The advantage of this approach is the simplicity, the drawback is that it only works on a single node, and for calculations that roughly take the same amount of time.
--multi-prog option allows to assign each task in the job a different option. This allows to differentiate
serial runs from each other and run them inside a single parallel Slurm job. This
is our preferred way to launch independent serial calculations that take about the
same time. A basic Slurm job script can look like this:
#SBATCH -n 16
#SBATCH -N 1
#SBATCH -t 1-03:00:00 # 1 day and 3 hours
#SBATCH -p CLUSTER # partition name
#SBATCH -A chpc # account name
#SBATCH -J my_job_name # job name
srun --multi-prog my.conf
Here we submit a job on one node with 16 tasks, and then run the srun with the
--multi-prog option, which is followed by configuration file for the multiple programs. This file
has the following three fields per line, separated by spaces:
- task number
- executable file
- arguments to the executable file
The executable arguments may be augmented by expression "%t" which gets replaced by the task number, and "%o" which gets replaced with task's offset within this range.
Please, note that if the executable is not in the default PATH (as defined when new shell is opened), the full path to this executable has to be specified. The same is true if the executable is a script that is then calling a program. Due to our modules setup, running this script will reset the module environment and as such program modules need to be loaded again inside of this script.
For example, to run quantum chemistry program Mopac, we have mopac.conf as follows:
0-11 ./example.sh %t
Where example.sh script contains:
module load mopac
A complete example for running multiple serial R simulations using --multi-prog is described on our R documentation page.
We have also developed a simpler multiple serial program launch script which can be obtained here. This script runs as many serial tasks as specified in the #SLURM -n line, each of which uses one entry from the WORKDIR and PROGRAM arrays listed, copies data from WORKDIR to unique scratch directory for each serial task and runs PROGRAM which can be the same or unique for each serial task
Independent serial calculations with variable run time
The submit program allows to run many serial calculations inside of a parallel cluster job using master-worker model. The program is a simple MPI based scheduler which reads a list of calculations to do from a file, one per line, and runs them in parallel, filling as many calculations as there are parallel tasks. Once one calculation is finished, the worker asks for another calculation, which keeps repeating until all calculations are done.

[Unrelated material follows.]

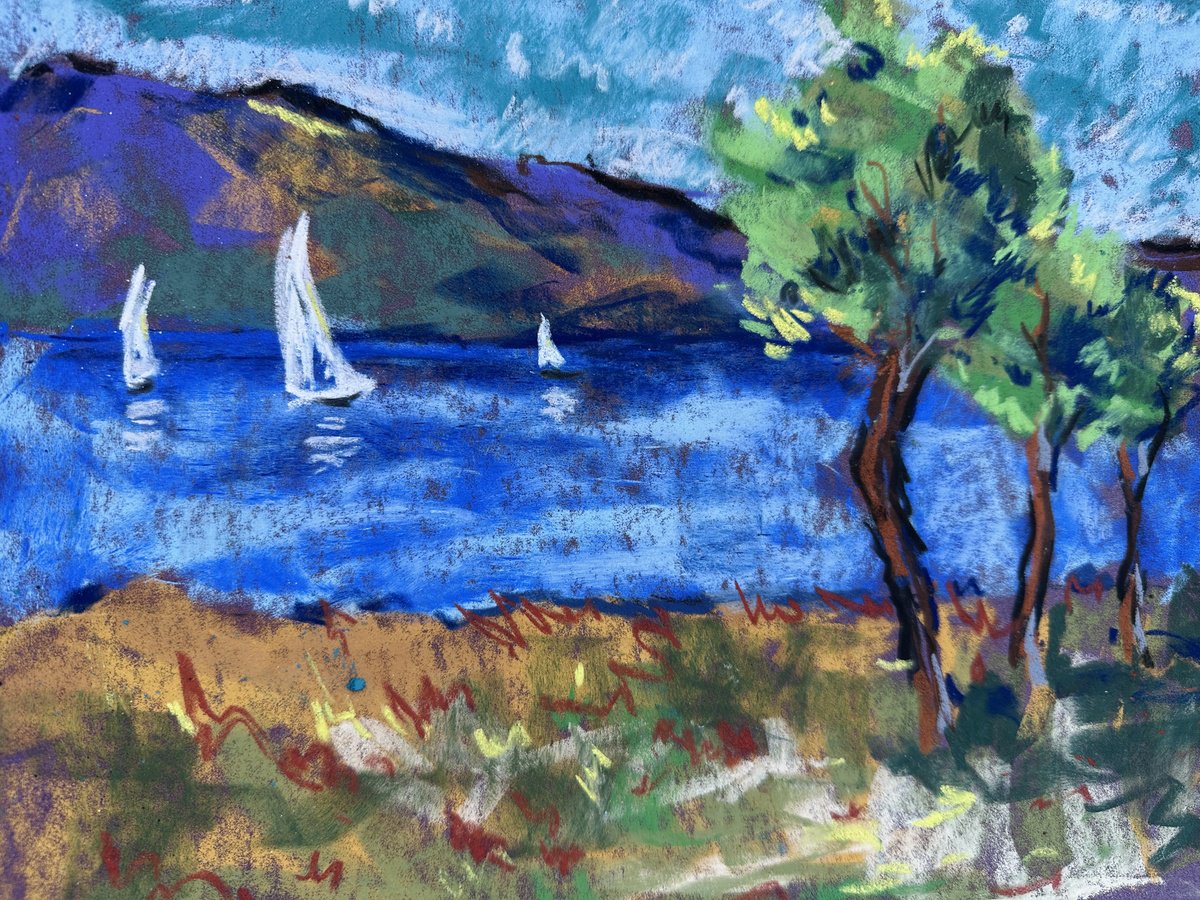 Impressionistic Landscape Pastel Drawing By Irina Anis, 12 X 9, Vivid Landscape With Sailboats, Original Artwork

This is our preferred way to run independent serial calculations that may take different amount of time to finish, as long as there are many more calculations than job tasks, as this allows to chain the calculations one after another and fill in the resources better. If one roughly knows the runtime of each calculation, listing them with respect to the calculation time in the descending order, the longest first, will provide the best packing of the calculations on the job tasks.

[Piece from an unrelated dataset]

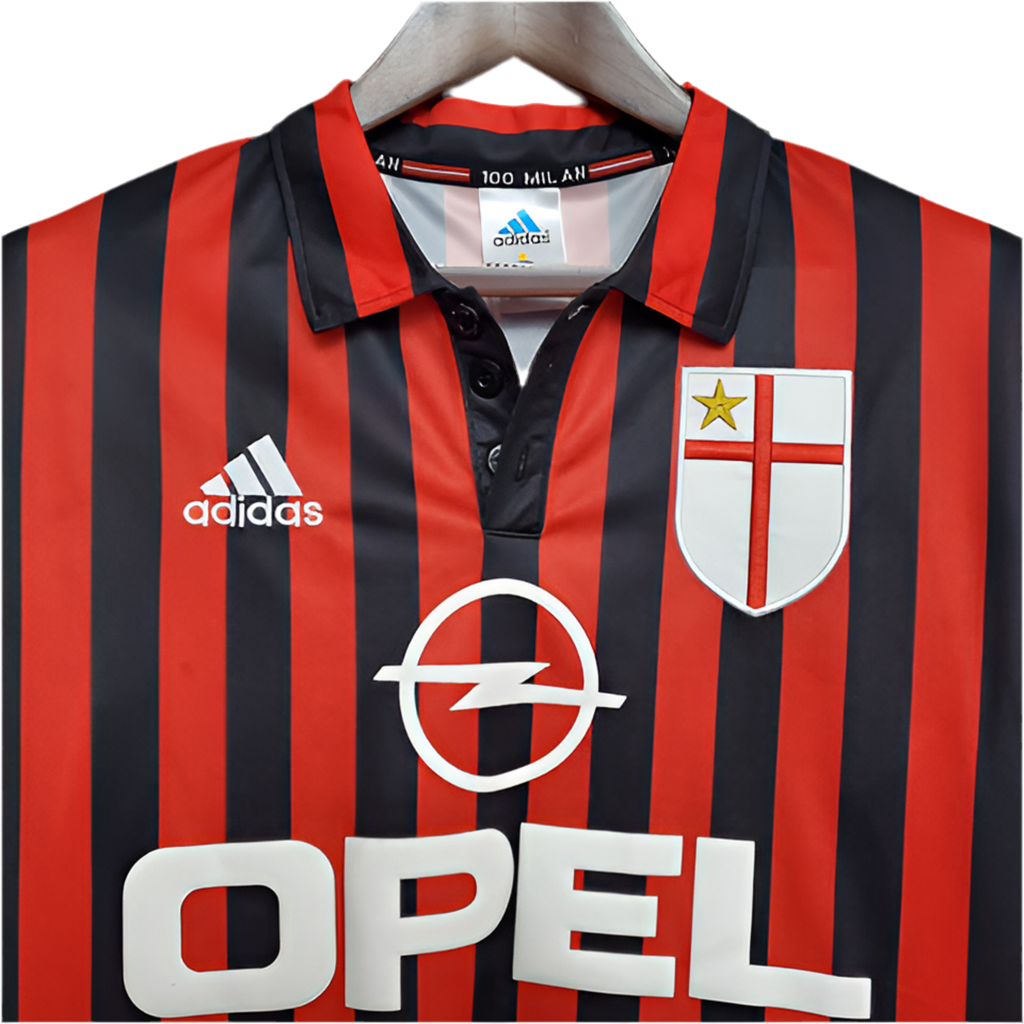 Camisa AC Milan Retrô 1999/2000 - Vermelha e Preta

For the basic documentation, example and source code see the submitGitHub page.
The submit program reads in input file called job.list, which syntax is as follows:
first line - # of serial jobs to run
other lines - command line for these serial jobs (including program arguments). Make sure there is only single space between the program arguments - more that single space will break the command line.
For example (for testing purpose), you can make job.list as:
This will run 4 serial jobs, executing the hostname command - which returns name of the node this command ran on.
NOTE - since submit launches the items in job.list directly, it does not use the environment. Therefore we need to specify full path to the command, or, run a shell script (with a full path to the shell script in job.list, where the shell script initializes a new shell session with user default environment).
The differentiation between different calculations can be built into the job.list through program arguments, as shown in the example below.
A complete example using SLURM and a set of serial R calculations, similar to the srun --multi-prog example shown above, can be found on the submit github page or at /uufs/chpc.utah.edu/sys/installdir/submit/std/examples/R.